Key Differences: IBM i often considered more “secure by design” for business data; AIX offers advanced Unix security tools.
Performance and Virtualization
Both leverage PowerVM for LPARs (logical partitions) with high utilization.
AIX excels in HPC, SAP, Oracle workloads with features like Dynamic Logical Partitioning.
IBM i shines in high-transaction OLTP with integrated Db2 and low overhead.
Power Systems allow mixing: Run IBM i, AIX, and Linux partitions on one server.
Ecosystem, Skills, and Modernization
AIX: Vast Unix tools, shells (ksh, bash), open-source ports via AIX Toolbox (RPM/YUM). Familiar to Unix/Linux admins.
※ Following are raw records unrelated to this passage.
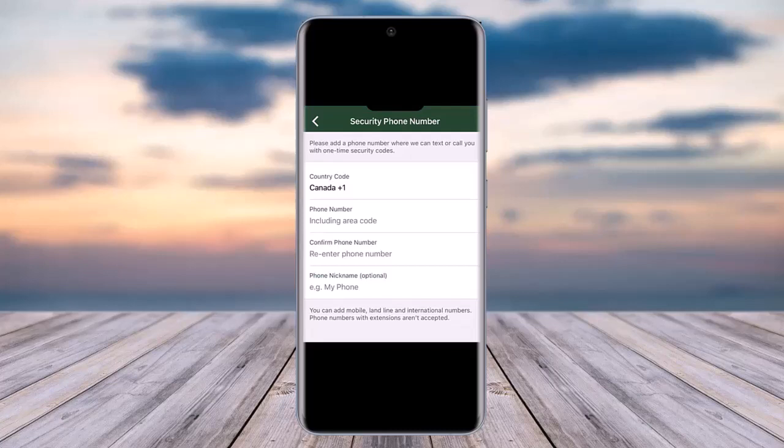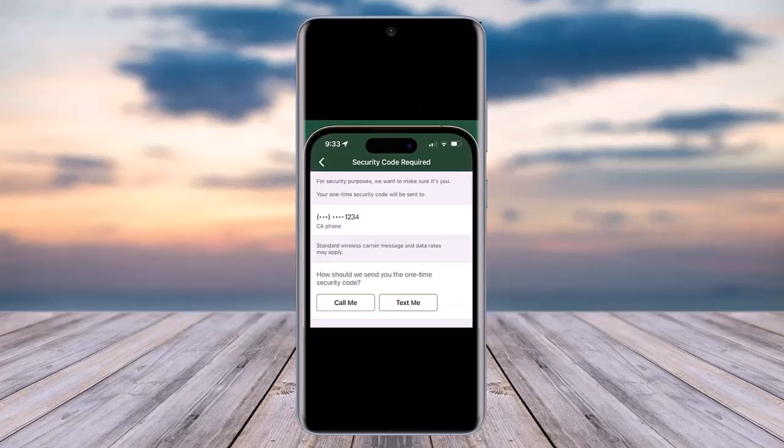You can add a nickname for your phone number if you would like. Afterwards, you will have to provide a security code to verify the new number you have added. Go ahead and choose a method — call me or text me. Text would be most appropriate.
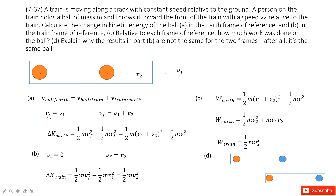Now we know the initial velocity, the final velocity, and the mass. So we can easily find the change in kinetic energy: final kinetic energy minus initial kinetic energy, which gives us this equation.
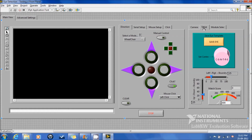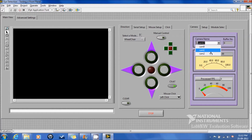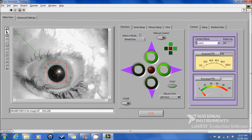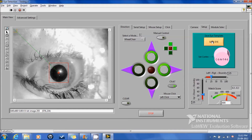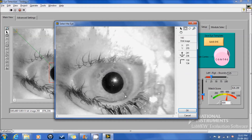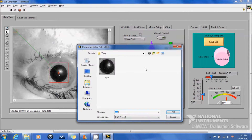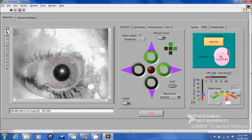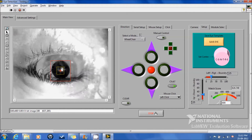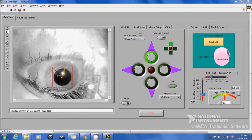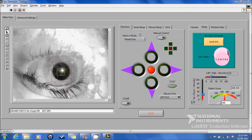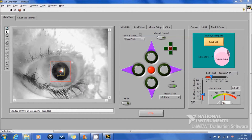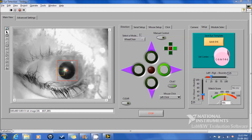Here is the front panel with various controls. Initially we select the camera and run the program. The templates of the eye are saved and used to track eye movements. You can see that when the eye is moved, the program processes the image and makes the corresponding LEDs on the front panel illuminate, indicating the direction to be moved.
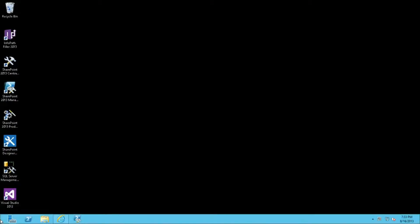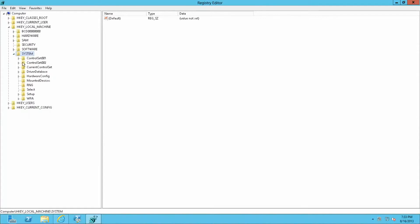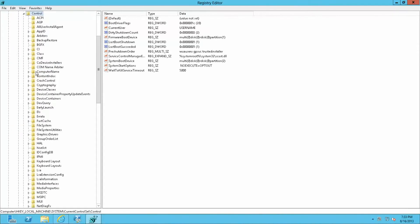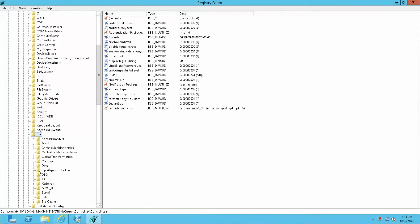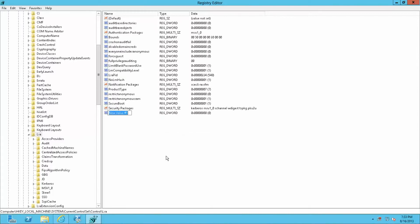And we'll navigate down to HKEY local machine, system, current control set, control, LSA. And we are going to add a new DWORD value called disable loopback check.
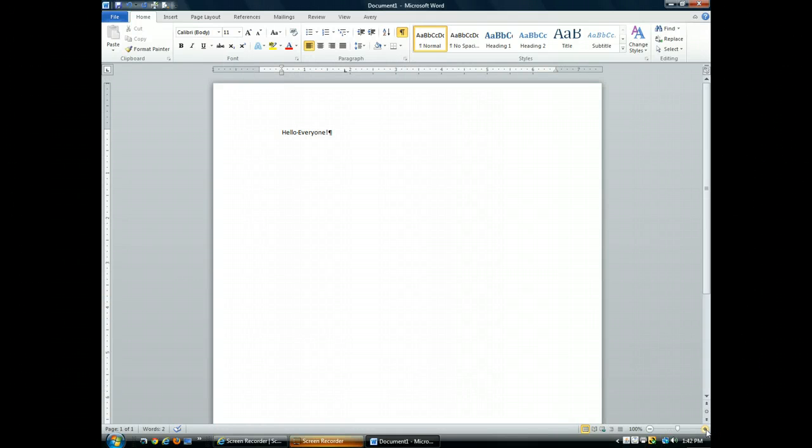Those are the major elements of the Word program window. To explore them yourself and learn some additional tips and to see the table on common mouse pointers, turn to page Word 4 in your book.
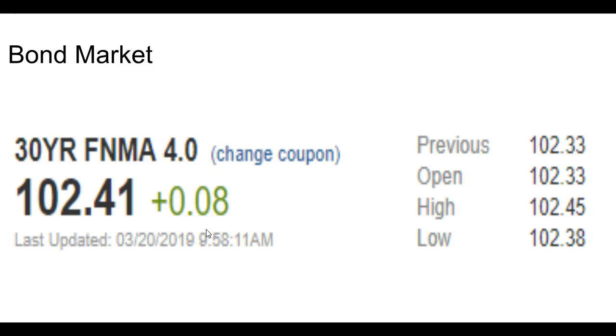Not quite enough where I would say that we have an improvement in our pricing yet. Yes, we pretty much closed unchanged. So far this morning, we've kind of gone up a little bit to about eight basis points.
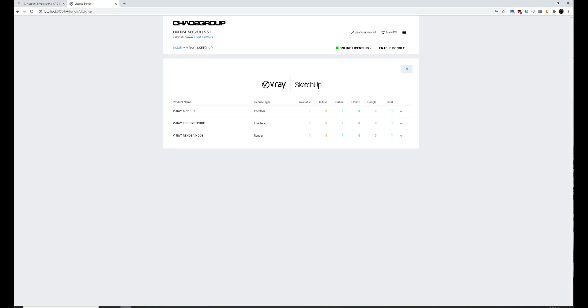And it should say now that I've got one in use. So it hasn't yet. But if I refresh, it should. Yep. It'll say now I've got one in use. So that's how to download, install, and access V-Ray for SketchUp.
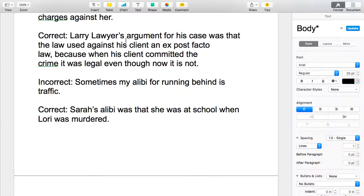The next example is: Sometimes my alibi for running behind is traffic. Well, that's incorrect, and here's why — because an alibi is very specific. It means I was accused of murdering my boyfriend on Saturday night, and if I wasn't doing that, I must have been somewhere else. That somewhere else is my alibi. It's not that I was late for something. Specifically: I wasn't there, it wasn't me. Your sentence should help me see that.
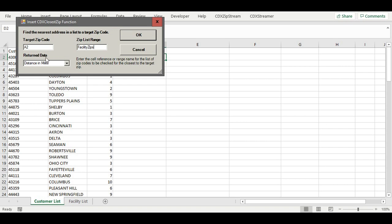The return value is specified as distance, then we simply press OK to enter the formula.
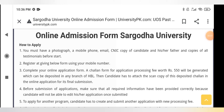Assalamualaikum, I am Harim. You are watching my YouTube channel of English grammar and speaking. Firstly, subscribe to my YouTube channel and press the bell icon. Today I am going to discuss how you can apply for an online admission form from the University of Sargodha — the University of Sargodha online admission form.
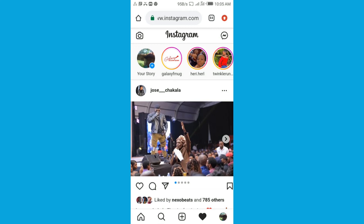This video is about how to deactivate your Instagram account. But before we get into the process, I would like to request you kindly to subscribe to this channel and also check out the videos in the description.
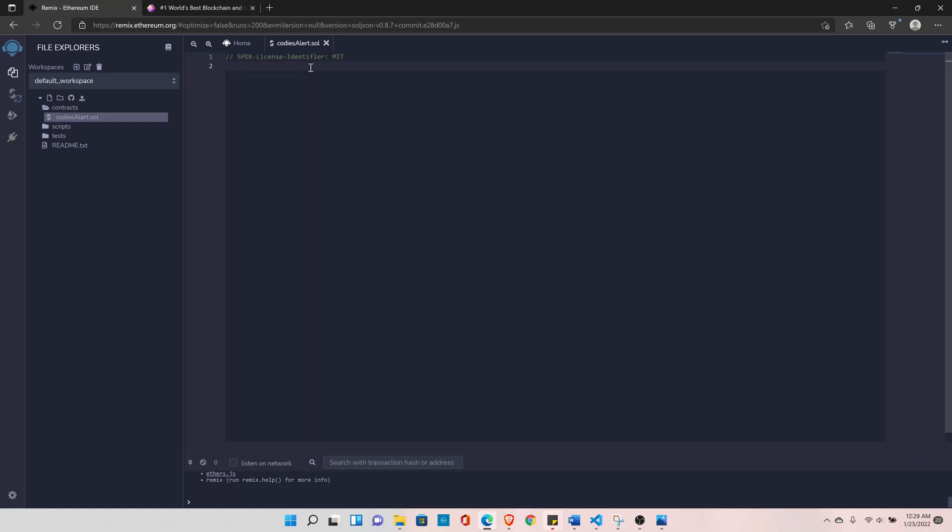And I'll declare the license type for this file is MIT. It is the best practice to open source your code so that other developers can verify and audit your code. If in case for any reason your code is not open source you can also define or declare it as unlicensed like this. But for now I'll set it to MIT.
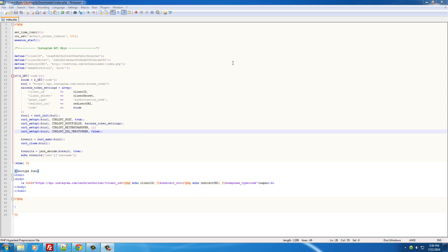Alright guys, so now that we have the username, we're going to want a way to connect with Instagram really easily so we can get information from it at any time in any kind of way.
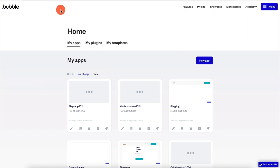What is going on guys? Welcome back to another video. In this video, we are going to be building a Bubble.io app that's going to be creating calendar entries.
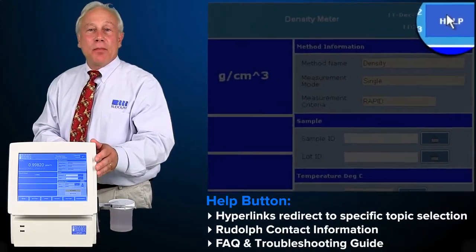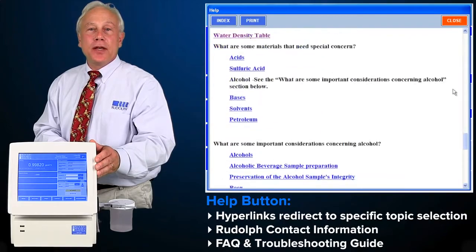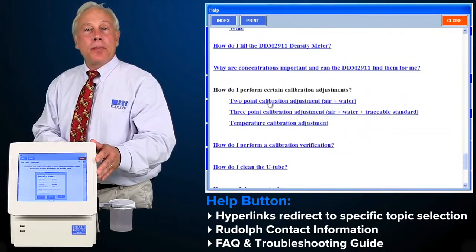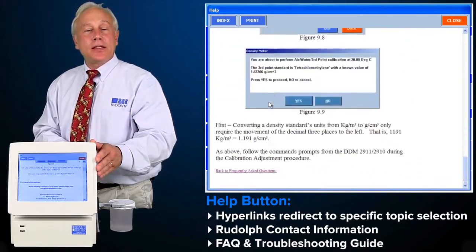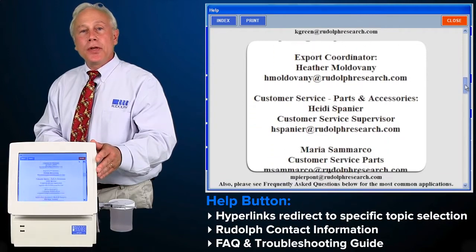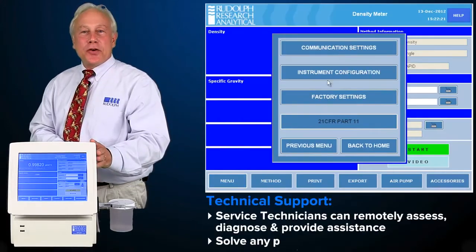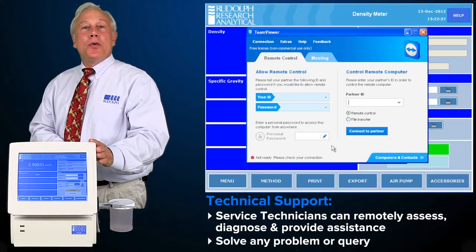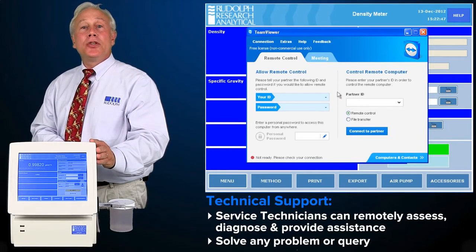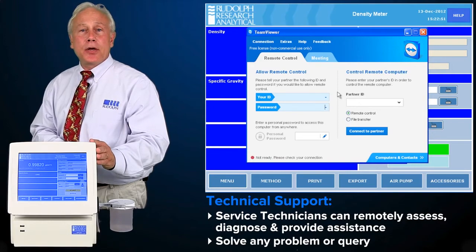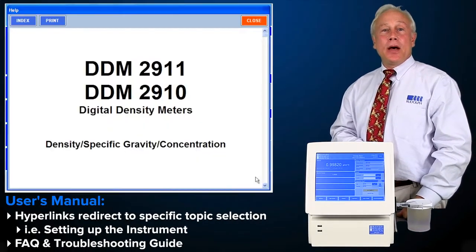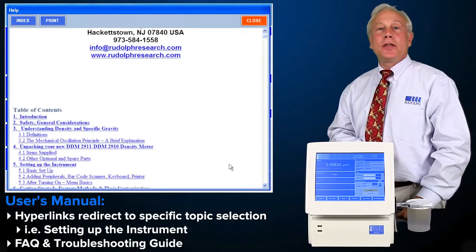Rudolph has added a help button located on the home screen. This help button provides an electronic link to a copy of the user's manual and has complete contact information for Rudolph. There's also a troubleshooting guide available. A desktop sharing program is also available, whereby our service technicians may connect directly with your density meter and provide help, training, or diagnostics as required. The electronic copy of the user manual has HTML files linking you directly to the topic of interest.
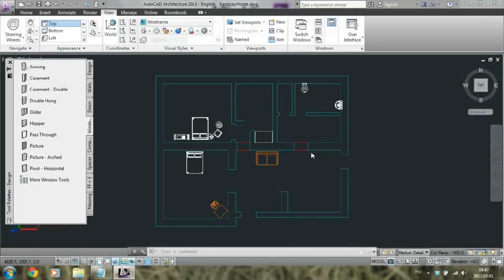Hey, my name is David and welcome to this tutorial. In this lesson, we are going to look at AutoCAD architecture and how we can navigate in the program.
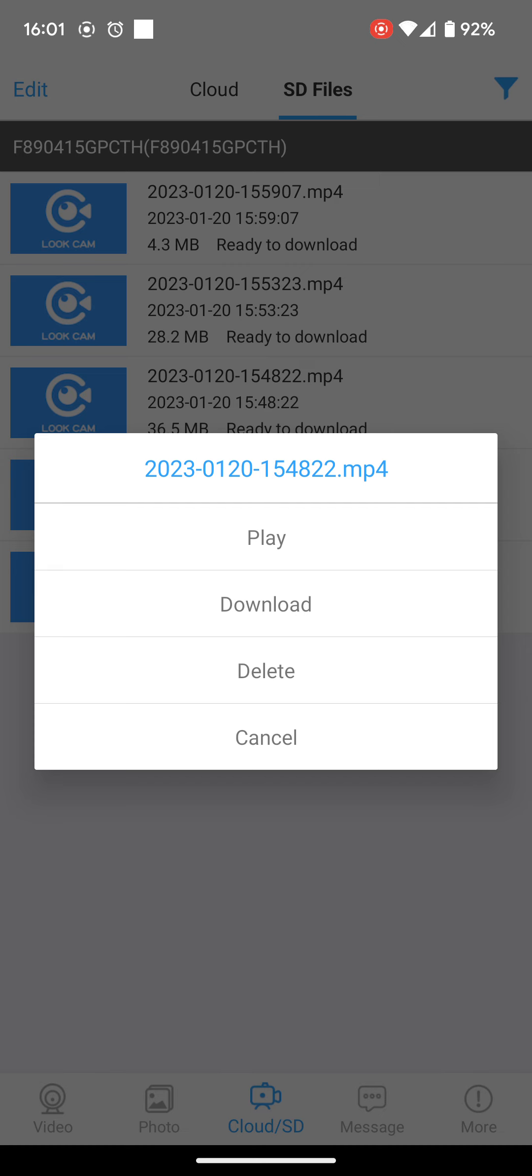As I said before, it will record in a loop. So if you find something that you did want to record, sorry, if you did want to keep, you should download it. Because if you don't download it after a certain amount of time, it will get recorded back over.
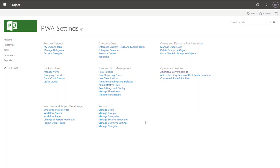All right, video two. Let's get started. So what I want to do in this stage is talk about enterprise project types.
IBM i: Languages like RPG, COBOL, CL; modern support for Python, Node.js, Java via PASE. Tools like RDi for development.
Key Differences: AIX has broader general-purpose software; IBM i dominates core business apps (e.g., Infor, JD Edwards).
Use Cases and Market Position (2026)
AIX: Enterprise Unix workloads—SAP, Oracle, custom apps in finance/telecom. Strong in regulated environments needing UNIX certification.
IBM i: Mission-critical business systems in manufacturing, retail, banking. Known for reliability, low TCO, and integrated stack.
Many organizations run both on Power Systems for consolidation.
Aspect
IBM i
AIX
Origin
1988 (OS/400/AS/400)
1986 (Unix-based)
Architecture
Object-based, TIMI/SLIC, SLS
Unix System V + BSD
Database
Integrated Db2 for i
External (e.g., DB2 LUW, Oracle)
File System
Libraries + IFS (Unix-like)
Hierarchical Unix (/ )
Compatibility Layer
PASE (runs many AIX binaries)
None for IBM i natives
Primary Workloads
Business apps, ERP, transactions
General enterprise, HPC, SAP
Admin Familiarity
Unique (CL commands, green screen)
Standard Unix/Linux
Current Versions (2026)
7.5 (primary), 7.4 supported
7.3 (latest TLs), 7.2 supported
In summary, choose IBM i for integrated, secure business computing with minimal administration; choose AIX for flexible, standards-compliant Unix environments. On Power Systems, they complement each other—many sites run both alongside Linux for hybrid workloads.